Last night I made more relish. Tonight I’m making more pickles. This weekend we’re having dinner with several families at a friend’s house, and I’m taking a green tomato pie (a depression-era substitute for apple pie). I’m starting to see green tomatoes in my sleep.
So the relish. This recipe makes about 7 pints, and I’ll probably be making another batch soon. So if you’re a friend, family member, neighbor, well-wisher, or anyone who has had casual contact with us, I’ll probably be pressing a jar of relish in your hands sometime soon. Be thankful. It looks fairly pedestrian, but it’s so good.
Once you do a tiny bit of prep, this recipe has almost no hands-on time. Start by finely chopping all the vegetables in a food processor. I don’t have a full-size food processor; I have a little one that can fit on my blender. This step takes me maybe 15 minutes with my little processor. If you have a bigger one, it will be faster. If you don’t have one, you’ll be chopping for about four days.
Put the chopped vegetables in a strainer so that a lot of the liquid can drain out. I just throw the veggies in the pasta basket of a large soup pot and let the liquid drain into the pot. It sits like this for about an hour, and a lot of liquid drains off. You can throw this liquid down the sink, but I usually pour it on our garden out the door, since it’s got some extra nutrients that plants like. I’m sure our depression-era forebears who invented green tomato pie would use it in soup, but I don’t. I’ve potty trained three kids, so a big pot of yellow liquid isn’t something I’m inclined to eat.
Then just mix in the rest of the ingredients, boil them together for a few minutes, and can in a water-bath canner.

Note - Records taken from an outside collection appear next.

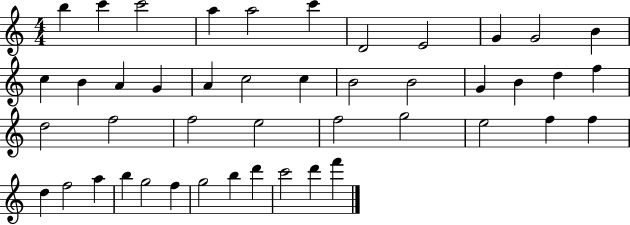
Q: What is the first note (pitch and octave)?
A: B5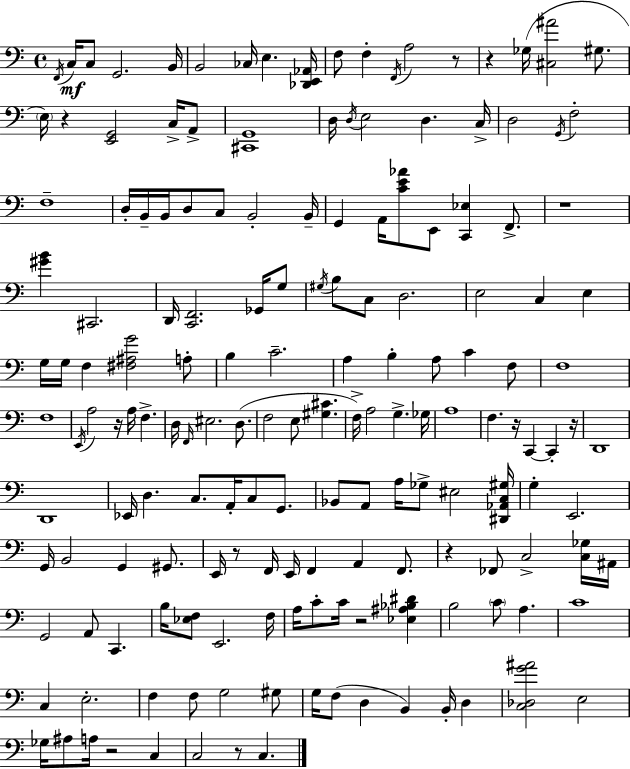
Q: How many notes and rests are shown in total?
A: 166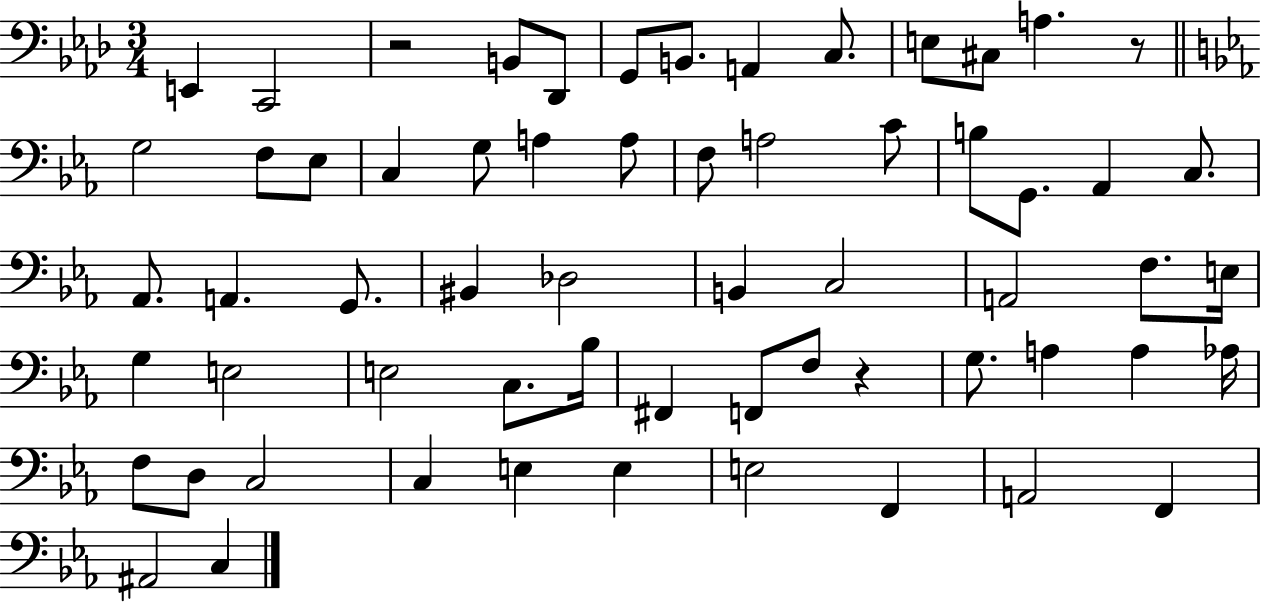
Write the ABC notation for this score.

X:1
T:Untitled
M:3/4
L:1/4
K:Ab
E,, C,,2 z2 B,,/2 _D,,/2 G,,/2 B,,/2 A,, C,/2 E,/2 ^C,/2 A, z/2 G,2 F,/2 _E,/2 C, G,/2 A, A,/2 F,/2 A,2 C/2 B,/2 G,,/2 _A,, C,/2 _A,,/2 A,, G,,/2 ^B,, _D,2 B,, C,2 A,,2 F,/2 E,/4 G, E,2 E,2 C,/2 _B,/4 ^F,, F,,/2 F,/2 z G,/2 A, A, _A,/4 F,/2 D,/2 C,2 C, E, E, E,2 F,, A,,2 F,, ^A,,2 C,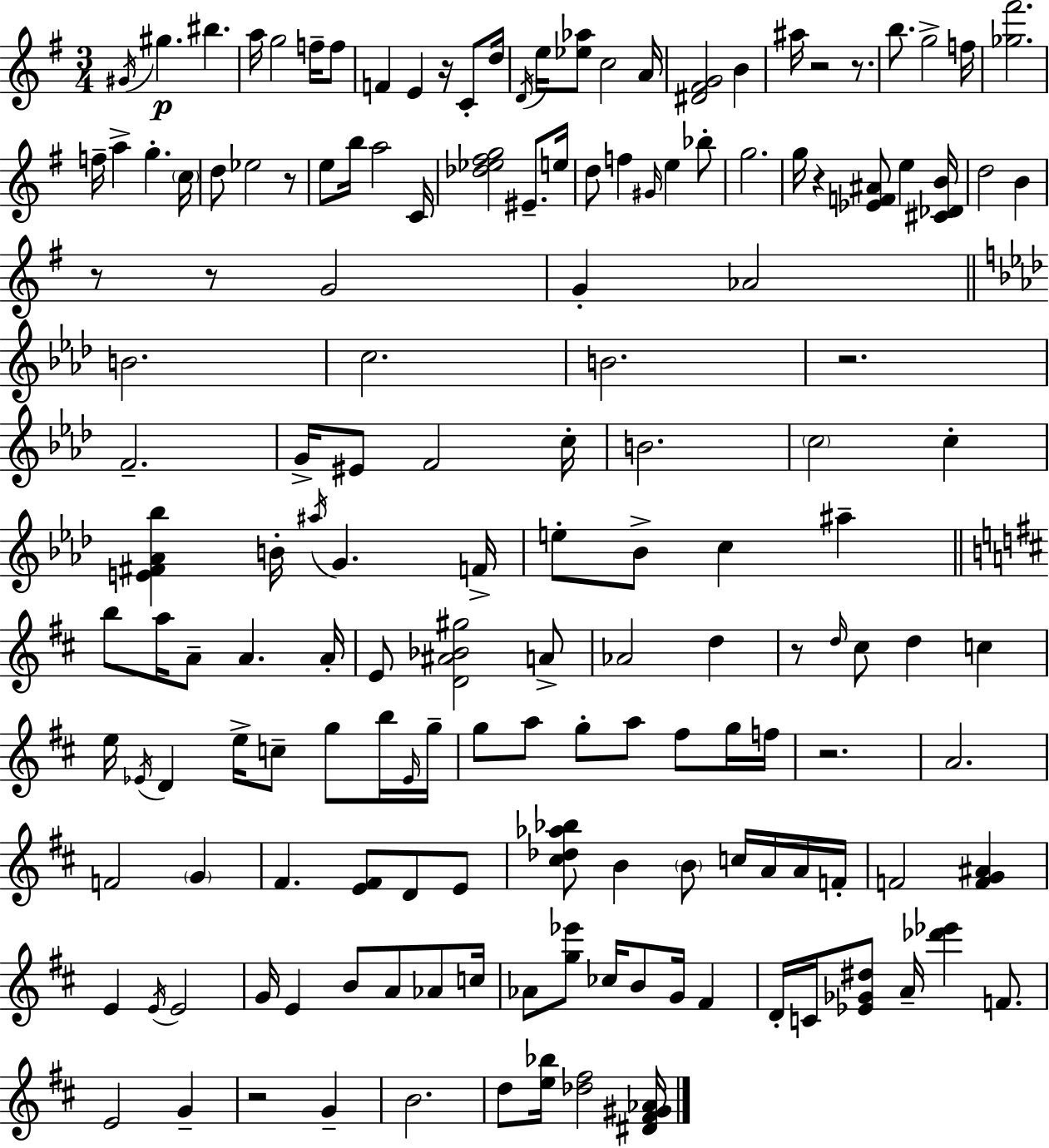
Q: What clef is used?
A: treble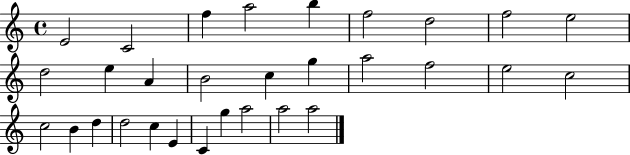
X:1
T:Untitled
M:4/4
L:1/4
K:C
E2 C2 f a2 b f2 d2 f2 e2 d2 e A B2 c g a2 f2 e2 c2 c2 B d d2 c E C g a2 a2 a2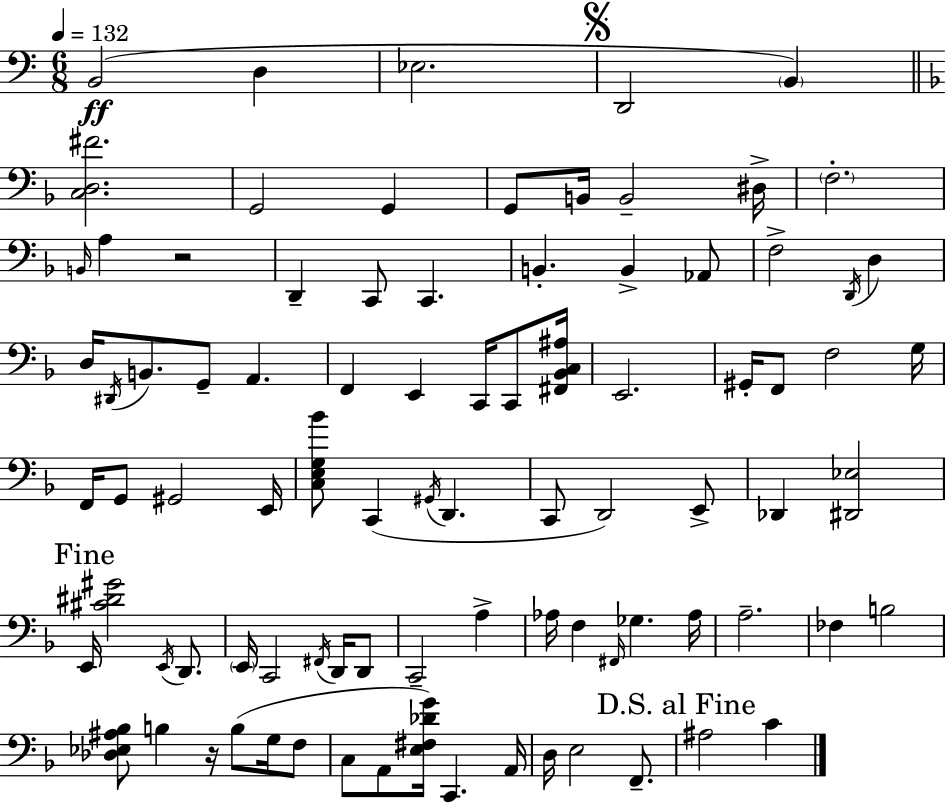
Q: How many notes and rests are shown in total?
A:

Here’s the recipe.
Green Tomato Relish
12 (give or take) large green tomatoes, stem cut out
3 cored and deseeded bell peppers (make 2 or 3 of them red or orange)
2 peeled large sweet onions like Vidalias, or about 4 smaller onions
1-1/2 Tbsp. celery seed
1-1/2 Tbsp. mustard seed
1/2 Tbsp. salt
2-1/2 cups sugar
1 cup apple cider vinegar
Chop up the first three ingredients in a food processor. Let these chopped vegetables drain for about an hour to remove extra liquid. Pour the drained vegetables into a large stock pot, and then add the celery seed, mustard seed, salt, sugar, and vinegar. Bring to a boil and let gently boil for about 5 minutes. Fill sterilized jars with hot relish. Process in a water bath canner for 30 minutes. (Go back to the Hot Pepper Jelly link if you don’t know how.) Once the jars are removed from the canner, have cooled, and have sealed, pop open a jar and eat from the can with a spoon. Or serve it with hot dogs and sausage, if you’re a traditionalist.